Win GD as the second place designer and builder in this sector has an equally extensive range of bore sizes and both mechanical RTA engines and electronic RT Flex versions of most sizes. The electronically-controlled common-rail systems for fuel injection and valve actuation at the heart of the camshaftless RT-flex series, which made its seagoing debut in September 2001, have been shown to deliver an array of benefits deriving from operating flexibility, whereby engine settings can be far more closely matched than before to actual operating requirements.
In 2011 Wärtsilä launched its new low-speed X-generation engine series employing the common-rail RT-flex technology, and incorporating additional features designed to meet the emerging needs imposed by EEDI. The X series engines feature an extra-long stroke that gives improved fuel economy and operational flexibility. The first two engines in the series were originally introduced as the Wärtsilä RT-flex35 and RT-flex40 but it was decided to change the names. Since then the range has been expanded to include 620mm, 720mm, 820mm and 920mm bore versions. The current range reflects the Wärtsilä heritage but the company has plans to introduce innovations and designs of its own in the future.
Win GD also includes dual-fuel two-strokes in its portfolio and as well as providing fully operational DF versions All Generation X engines can be converted to use LNG as fuel. To meet the potential demand for conversions WinGD has introduced the DF-ready version as an option. The DF-ready engines can be easily converted to dual-fuel, as no major structural components need to be modified. All parts, which are to be replaced at a later conversion, are either typical wear parts or specific X-DF components and systems.
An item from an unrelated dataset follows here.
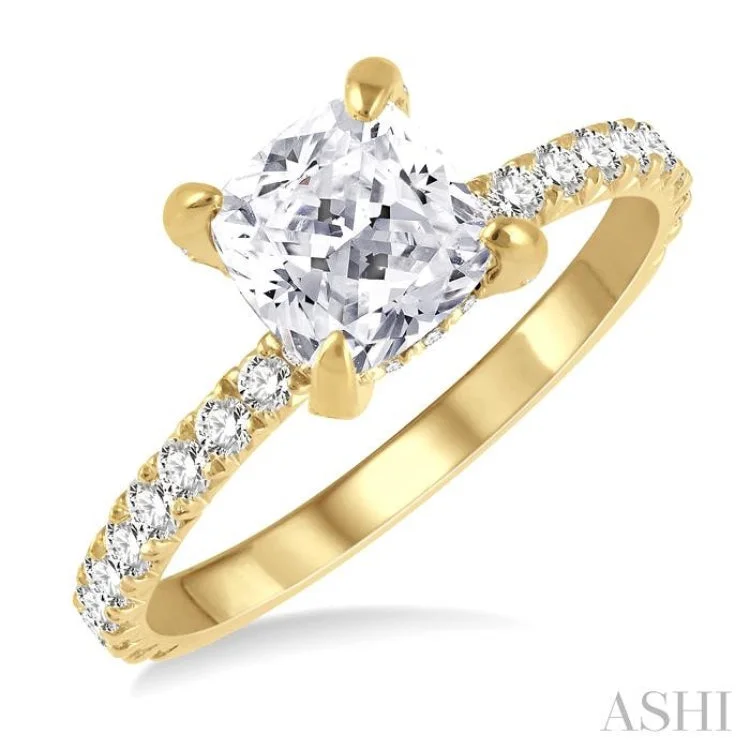 Unique Custom Ring for Special Moments-5/8 ctw Cushion Shape Round Cut Diamond Semi-Mount Engagement Ring in 14K Yellow Gold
The only other two-stroke engines manufactured in any numbers for the marine sector are the UE engines of Mitsubishi Heavy Industries in Japan. The company has a fairly extensive range with bores ranging from 330mm to 800mm. In 2012, Mitsubishi announced the beginning of a programme aimed at developing a dual-fuel version of the UE engines and in 2015 suggested that an initial order was under discussion for an engine designated the UEC-LSGi but nothing more has been confirmed. As with the two market leaders, Mitsubishi has evolved its range to include super long-stroke engines identifiable by the UE-LSH designation. The first of these was produced in 2015.